As brands scramble to find savvy young talent that can crack the code of a successful TikTok strategy, they’re heading straight to the source to recruit them.
In the past four months, Gen Z-focused beauty brand Lottie London has filled three marketing positions by advertising them on TikTok and Instagram’s Reels. It asked candidates to apply via TikTok and Instagram DM with their portfolios — with no cover letter required, of course.
Amid the Great Resignation, “lots of people are rethinking their careers or looking for different kinds of roles or jobs,” said Nora Zukauskaite, marketing director at Lottie London. “We started thinking in line with that, given that people are looking for a different meaning of work-life in their lives. We [started considering], ‘How does that affect recruitment? And how do we talk to these communities?’”
Alicia Connolly, social media assistant at Lottie London, was hired earlier this year after seeing one of the recruitment videos and applying through the brand’s DMs. “It was such a cool way to move away from the traditional job sharing and recruiting process,” she said.
Connolly and the other two hires filled social media marketing roles. Part of their jobs includes filming behind-the-scenes office life videos for TikTok.

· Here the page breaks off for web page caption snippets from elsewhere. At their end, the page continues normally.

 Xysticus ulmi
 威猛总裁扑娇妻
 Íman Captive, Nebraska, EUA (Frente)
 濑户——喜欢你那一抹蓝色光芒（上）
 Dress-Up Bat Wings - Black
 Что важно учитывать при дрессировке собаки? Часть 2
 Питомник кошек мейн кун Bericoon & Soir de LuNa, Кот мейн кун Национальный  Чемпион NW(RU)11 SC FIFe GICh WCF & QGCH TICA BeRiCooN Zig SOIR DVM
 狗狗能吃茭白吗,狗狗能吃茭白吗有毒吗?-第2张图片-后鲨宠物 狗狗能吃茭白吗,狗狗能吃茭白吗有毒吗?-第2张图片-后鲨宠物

Brands have been more enthusiastic about hiring on TikTok. CeraVe has also been recruiting on TikTok for a marketing role for the platform, said Adam Kornblum, the brand’s vp and head of global digital marketing, at the Glossy TikTok Strategies event in June. And teen-focused retailer PacSun hired a store associate to work full-time in its corporate office after seeing their viral TikTok content.
LinkedIn had previously been Lottie’s primary social platform for announcing new job posts. But “Gen Z will see LinkedIn as much more corporate and official, and more stuck up, because it has the corporate boundaries,” said Zukauskaite. “It’s a generational thing.”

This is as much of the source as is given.